# Should I do it?? Some questions



## rammerjammer (Dec 4, 2011)

I'm sure these probably get asked dozens of times on here but here they go.

Just a short background. I'm 23 and just received my bachelors in Hydrology/Water Resources. I have 3 good friends that are from there, 2 of which moved back. I wanted to ask these questions on here to get an unbiased opinion.

1) Would it be hard to get a job there? More specifically Cape Town. 

2) I have a pretty good handle on Afrikaans but am no means a master, can I get by without know it good? and would it be possible to get a job without knowing it or Xhosa or somethng like that.

3) Other than Cape Town where are the good places to live? My friends live in Bloem, Rustenburg and Centurion. I dont think Blem and Rustenburg are really where I'm looking to live.

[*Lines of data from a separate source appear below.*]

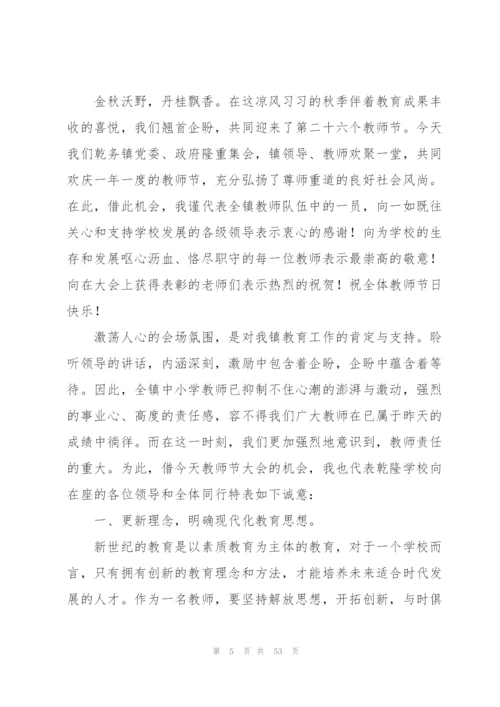 实用！代表教师发言稿范文(4篇).docx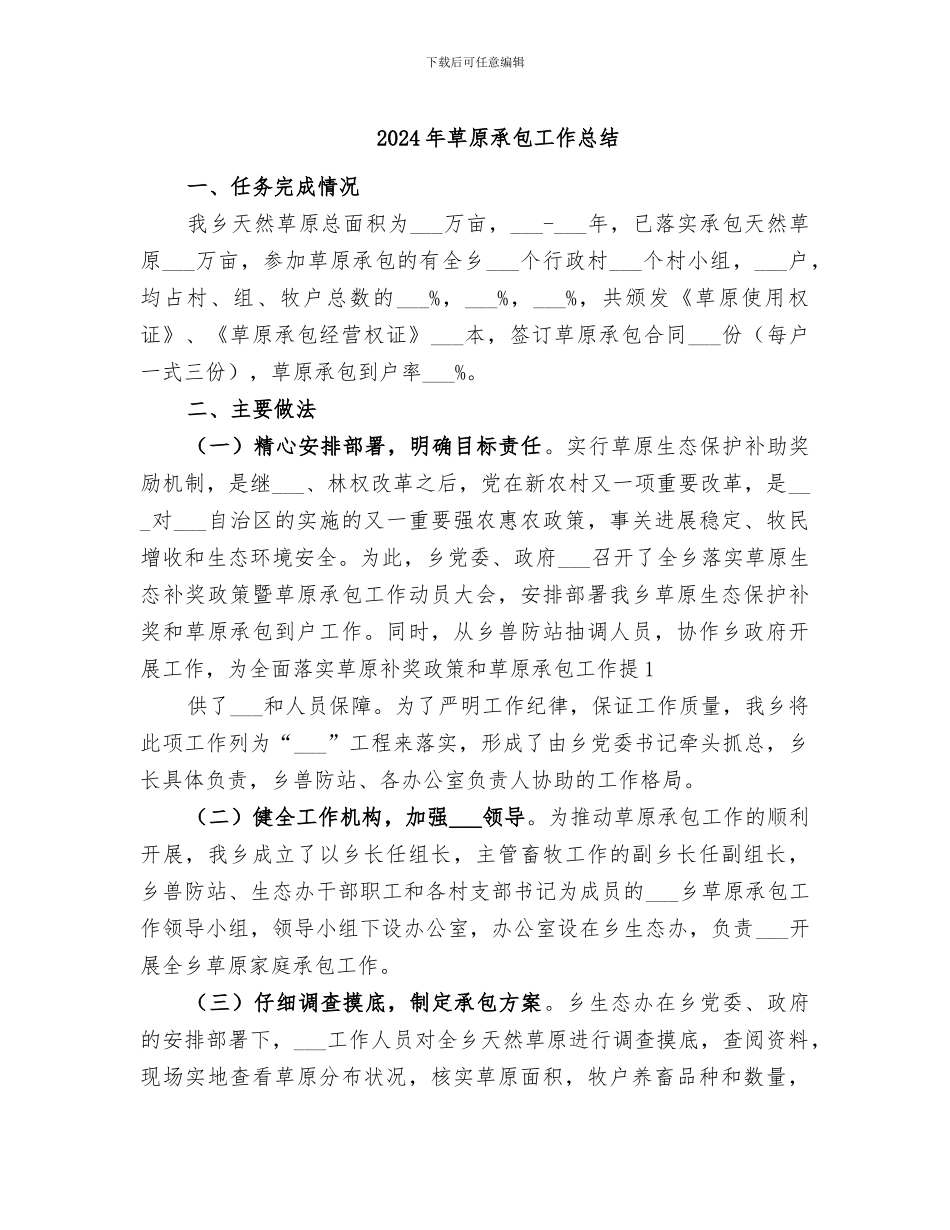 2024年草原承包工作总结_第1页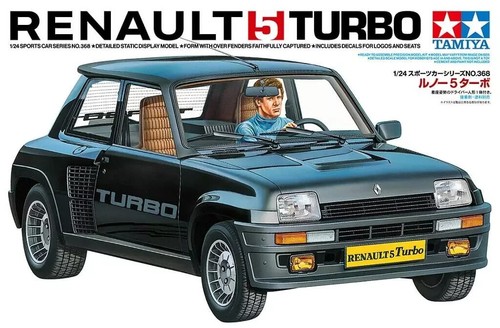 Tamiya sports car - tamiya,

Is there like a South African version of Dallas??

4) What is the REAL truth about the crime?? My friends tell me its not as bad as people make it out to be, you just have to be very vigilant, but then you read the news (which cant always be trusted)
and its like its the end of the world.

5) Would I be able to live comfortably in a nice area? I have a fair amount of money saved up and would be able to add that on top of my expected salary. I just dont want to live in a not-so-hot area.

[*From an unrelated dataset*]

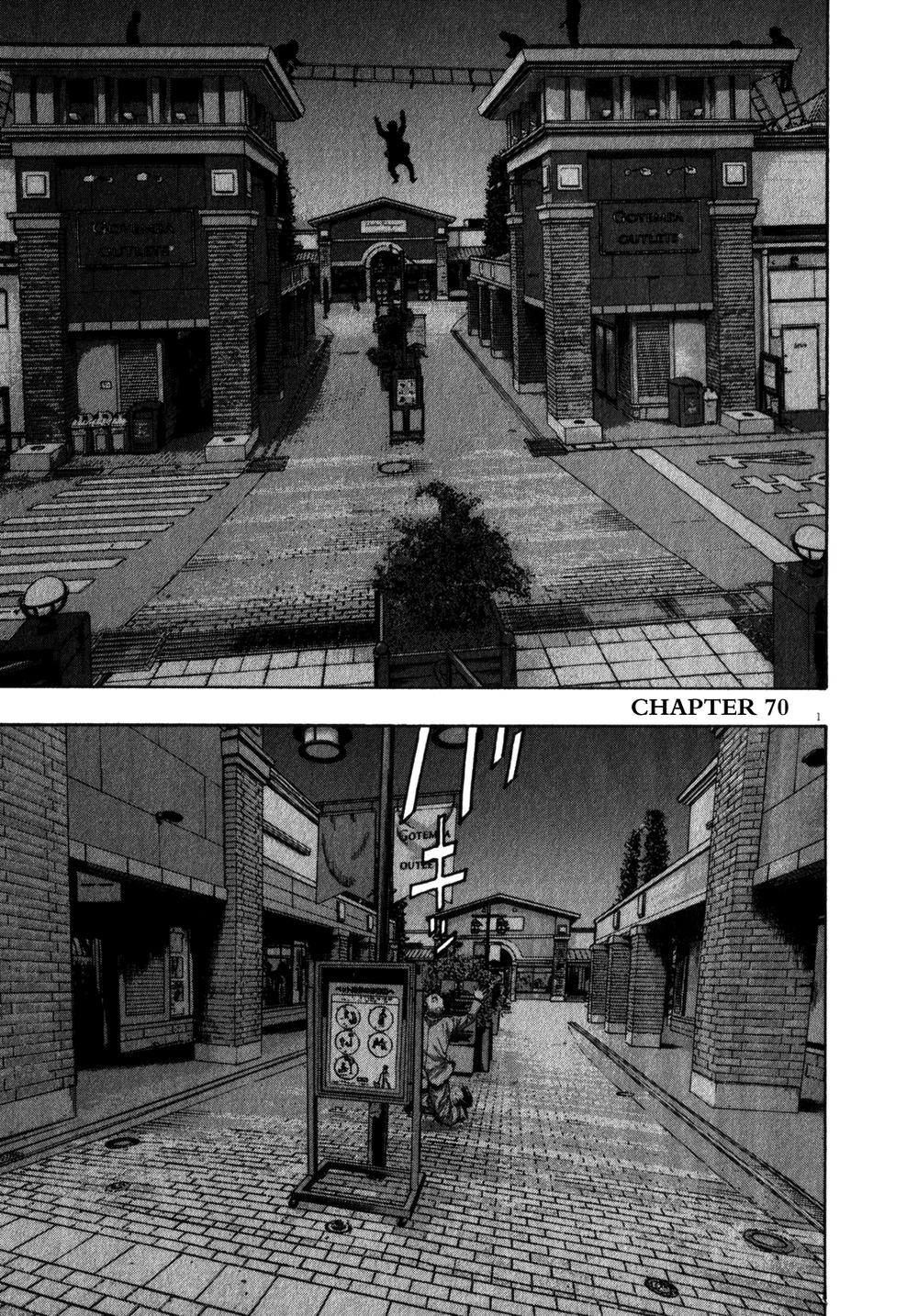 I Am A Hero Chap 70 - Next Chap 71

6) Would I be able to get a job in my field or will the affirmative action law prevent me from even getting a job??

Is this a good idea to move? I'm pretty spontanious but this would by far be the wildest thing, I just wan to do it while im young. 

I'm sure there will be more but ill leave those for now. Thanks ya'll!


----------



## Johanna (Apr 13, 2009)

You do not need to speak or know Afrikaans. 
I would suggest a google search on the job situation.
Crime is bad in many areas, not everywhere though.
On where to live: Do you like the mountains, the ocean, wild life or what type of area do you prefer? Night life important to you?


----------